[Records from a data collection]
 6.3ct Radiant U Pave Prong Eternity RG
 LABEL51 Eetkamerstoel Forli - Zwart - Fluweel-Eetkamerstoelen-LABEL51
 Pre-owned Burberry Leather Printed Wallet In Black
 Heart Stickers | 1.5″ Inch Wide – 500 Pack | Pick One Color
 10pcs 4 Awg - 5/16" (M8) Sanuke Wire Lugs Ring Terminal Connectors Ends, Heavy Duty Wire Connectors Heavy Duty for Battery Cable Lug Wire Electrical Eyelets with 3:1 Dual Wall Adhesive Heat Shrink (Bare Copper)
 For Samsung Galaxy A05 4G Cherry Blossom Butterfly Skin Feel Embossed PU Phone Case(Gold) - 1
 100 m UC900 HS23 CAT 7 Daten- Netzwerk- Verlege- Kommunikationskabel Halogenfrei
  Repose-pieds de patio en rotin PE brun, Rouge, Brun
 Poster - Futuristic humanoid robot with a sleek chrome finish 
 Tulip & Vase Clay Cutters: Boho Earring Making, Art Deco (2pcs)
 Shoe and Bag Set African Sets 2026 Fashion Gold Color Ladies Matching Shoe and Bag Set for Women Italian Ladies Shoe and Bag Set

* [Exercise aim]:
Taking the entries above, write out exactly each line from the one holding "Heart Stickers |" to the one holding "10pcs 4 Awg", both included, and stop there.

* [Response box]:
 Heart Stickers | 1.5″ Inch Wide – 500 Pack | Pick One Color
 10pcs 4 Awg - 5/16" (M8) Sanuke Wire Lugs Ring Terminal Connectors Ends, Heavy Duty Wire Connectors Heavy Duty for Battery Cable Lug Wire Electrical Eyelets with 3:1 Dual Wall Adhesive Heat Shrink (Bare Copper)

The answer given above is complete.